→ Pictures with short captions
:::::
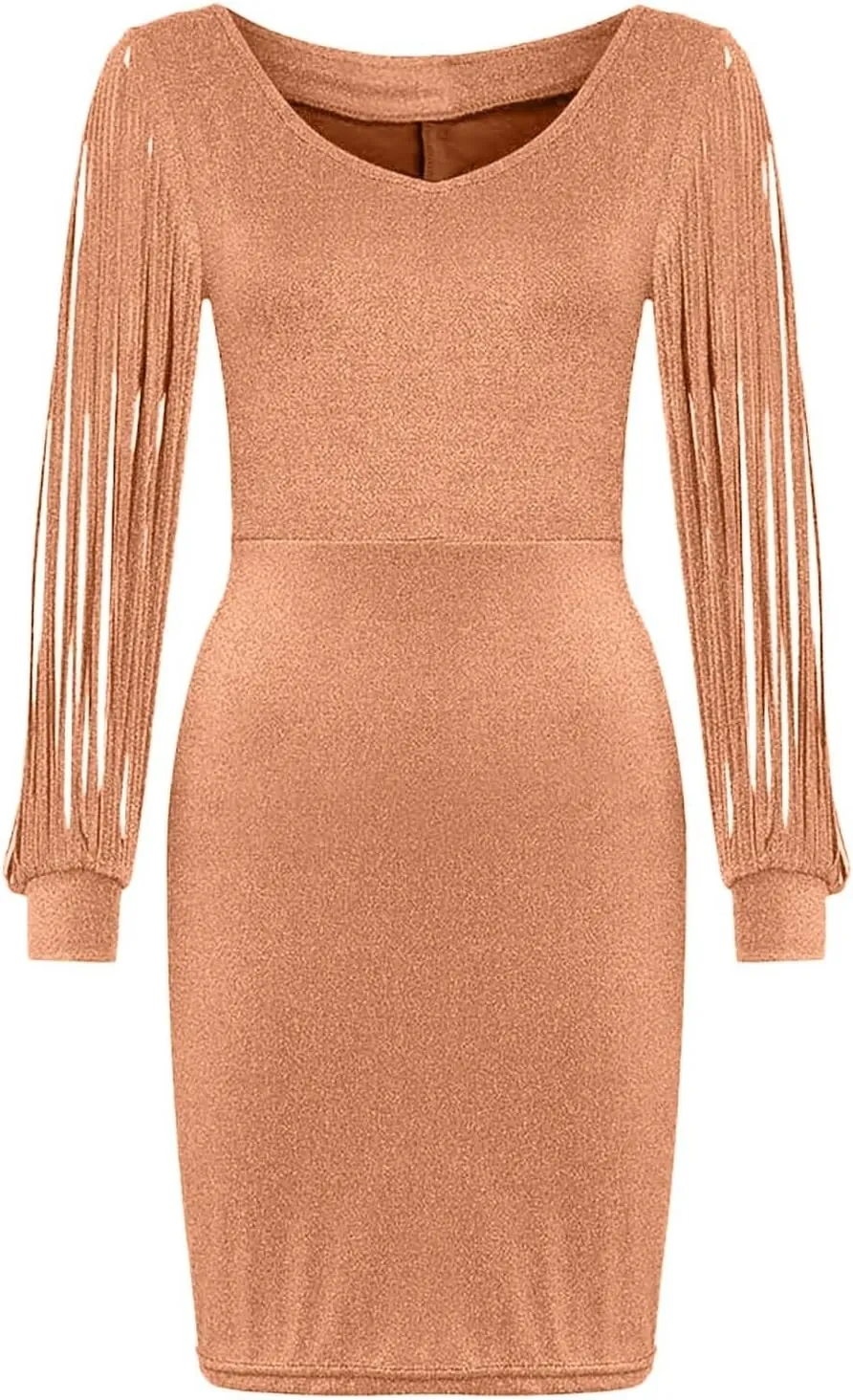 Women Sequin Bodycon Midi Dress Elegant Long Sleeve Cutout Party Evening Gown Formal Dresses
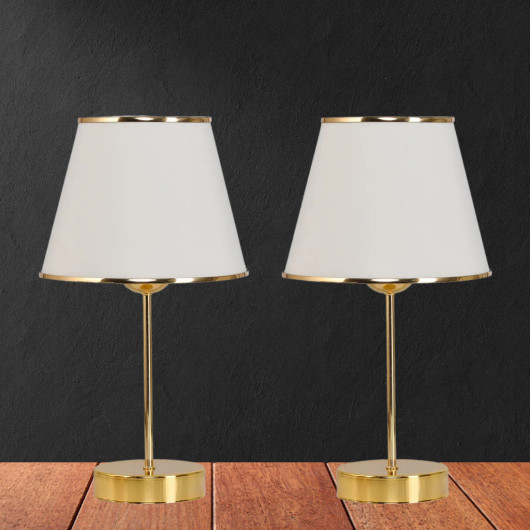 Golden Lamps With Cream Striped Fabric, Number 2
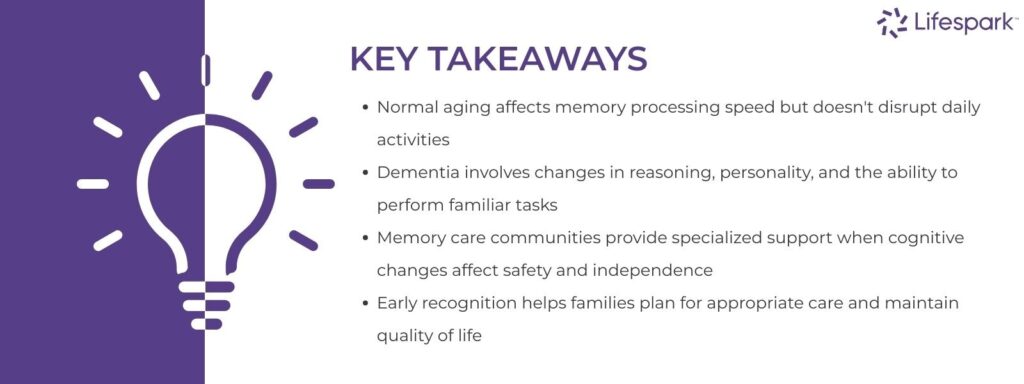 A "Key Takeaways" infographic with text summarizing usual age-related memory changes and common early signs of dementia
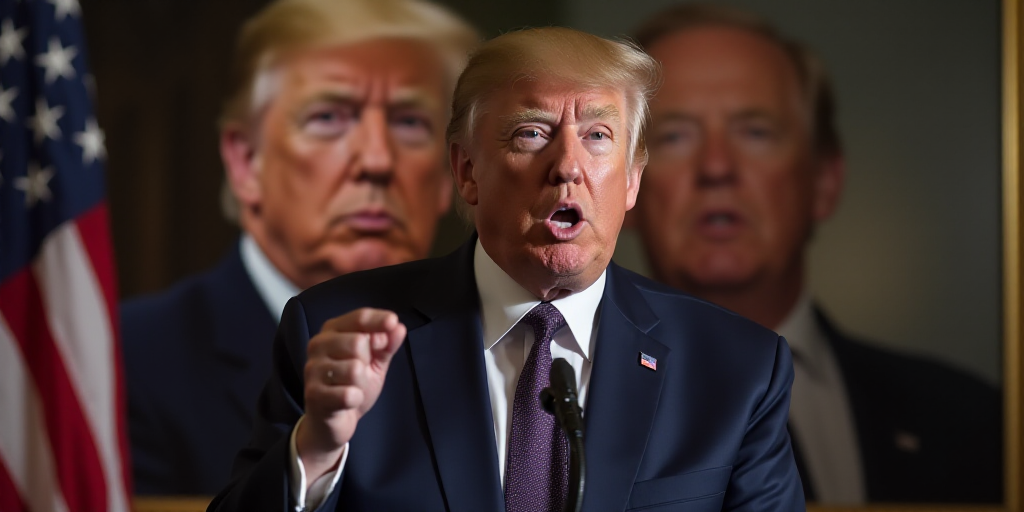 a man in a suit and tie speaking into a microphone in front of a flag and a picture of president tru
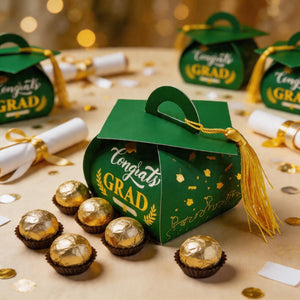 Graduation Cap Gift Box Graduation Party Favors Candy Boxes Treat Box with Tassel Table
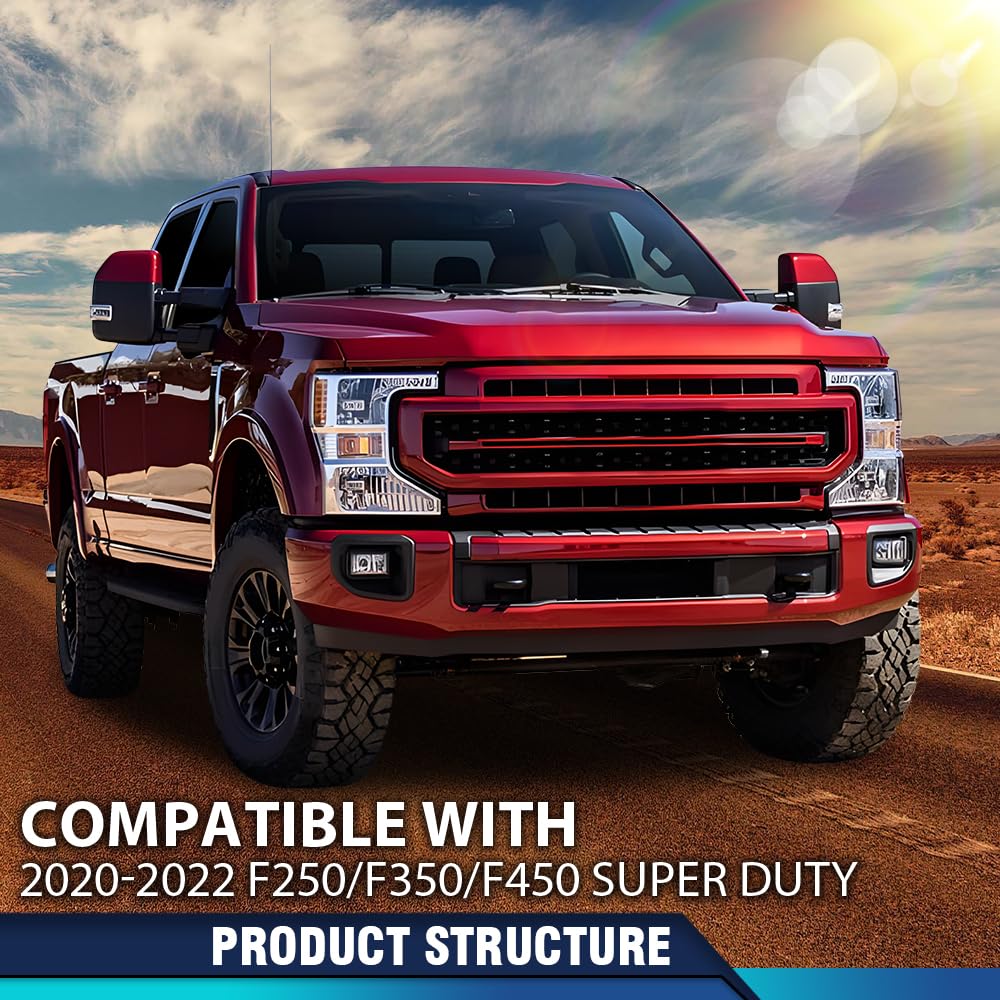 PIT66 Front Lower Deflector Valance Panel Compatible with 2020-2022 Ford F250 F350 F450 F550 Super Duty (Tremor Package Only) LC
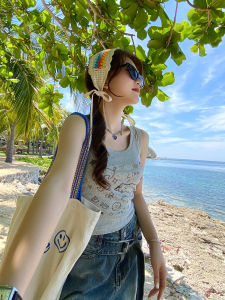 Grey American Style Small Strap Vest Womens Inner Wear Summer Beautiful Base Tank Top Sleeveless Attractive Underwear Outerwear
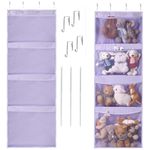 RZMAYIS Over The Door Organizer Storage for Closet, Baby, Plush Toy, Stuffed Animal Holder with 4 Large Pockets, Hanging Door Organizer for Nursery, Bedroom, Bathroom, Kids Room (Purple)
:::::
→ What to produce
For this exercise, return every entry verbatim and omit all pictures.

→ Expected output
 Women Sequin Bodycon Midi Dress Elegant Long Sleeve Cutout Party Evening Gown Formal Dresses
 Golden Lamps With Cream Striped Fabric, Number 2
 A "Key Takeaways" infographic with text summarizing usual age-related memory changes and common early signs of dementia
 a man in a suit and tie speaking into a microphone in front of a flag and a picture of president tru
 Graduation Cap Gift Box Graduation Party Favors Candy Boxes Treat Box with Tassel Table
 PIT66 Front Lower Deflector Valance Panel Compatible with 2020-2022 Ford F250 F350 F450 F550 Super Duty (Tremor Package Only) LC
 Grey American Style Small Strap Vest Womens Inner Wear Summer Beautiful Base Tank Top Sleeveless Attractive Underwear Outerwear
 RZMAYIS Over The Door Organizer Storage for Closet, Baby, Plush Toy, Stuffed Animal Holder with 4 Large Pockets, Hanging Door Organizer for Nursery, Bedroom, Bathroom, Kids Room (Purple)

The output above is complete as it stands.